And as more kids memorize those single-digit skills or those problems, it allows them to actually achieve the very goals that the reformists are wanting to do. And so it's interesting, when we talked earlier, I was like, “Well, as long as they memorize things through procedures, they're okay.”


But what we're doing is we're making kids count and use count on procedures and the temporal window does not allow them to basically make that a memorized fact. Therefore, that never moves to a decomposition issue. And so what Taiwan does, and Asian countries are more apt to do, is have them learn and memorize those core facts and they use the declarative fact to basically inform the procedure.


In America, NCTM wants to focus on the procedure to build the fact. And so, your lower kids get left in the dust. And so, you know, you got this great organization that's championing diversity and all this stuff. But in reality, the most vulnerable populations are the very ones that are getting hurt by the pedagogies they promote.


[00:48:45] Anna Stokke: Okay, so just to get this straight. So your theory on this then is that if the students have memorized the core basic facts, right, so we're talking about single-digit arithmetic facts, right? If they've memorized those core facts, that it's then going to be easier for them to use decomposition strategies for larger numbers, right?


What I would think of as sort of mental math that you can kind of do in your head if you have some basic facts memorized, right?


[00:49:15] Brian Poncy: Well, that's exactly right. In the study I was talking about, it was mental math. And then if we go to the wonderful work of Kirschner and Sweller and Ashman and all these people, I mean, this is what they're saying, right? They're saying, if we look at the complexity, which a behaviourist, I would quantify it by number of procedural steps because, you know, making tens has got a quite a few steps in it, two or three, four steps, right?


And so, if we have those core facts memorized, then we can go ahead and we can do that, we can mentally engage in those. And so again, as I'm a behaviourist, but everything I hear them saying, I'm like, “Yep, that's exactly you know what we're seeing out in the field.” And so that's what I love about the science of math movement.


It has me listening, reading and talking to people I never would have before, and I'm finding out that I have a lot of friends in this community. And a lot of us are thinking the same way.


[00:50:07] Anna Stokke: Yeah, absolutely. So, let's talk about some specifics. So, my understanding is that you conducted a longitudinal study that may be of interest to listeners. I understand that it all started when a school contacted Oklahoma State University faculty with a problem. They had the lowest scores in the district on broad math scores.
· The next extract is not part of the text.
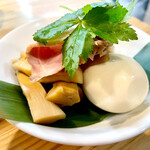 自家製麺 くろ松 - トッピングはワンタン以外は別皿で提供されます。
            レアチャーシュー、鶏チャーシュー、メンマ、煮卵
And you, of course, are on faculty at Oklahoma State, and you have expertise in math interventions, so they went to you, and you proposed implementing the Facts on Fire program. So can you tell us a bit about that? What did that involve?


[00:50:48] Brian Poncy: Yeah, well, it was Dr. Duhon. And so I wish I could take credit for them contacting me. This was way back in 2010, so I just started and Dr. Duhon, he's my research brother and we do, you know, math stuff together. He actually graduated with Amanda VanDerHeyden. So, they had very similar training, he also is all about focusing on tier-one-type approaches.


So, they contacted him and he says, “Oh, yeah, we can fix that.” And so I was kind of working on these math materials and plus I do the second year practicum. So, we had a group of students that could kind of copy and make probes and support. And so, yeah, we went in and we met with the school district and we had them kind of define out their scope and sequence and what skills that they wanted to work on.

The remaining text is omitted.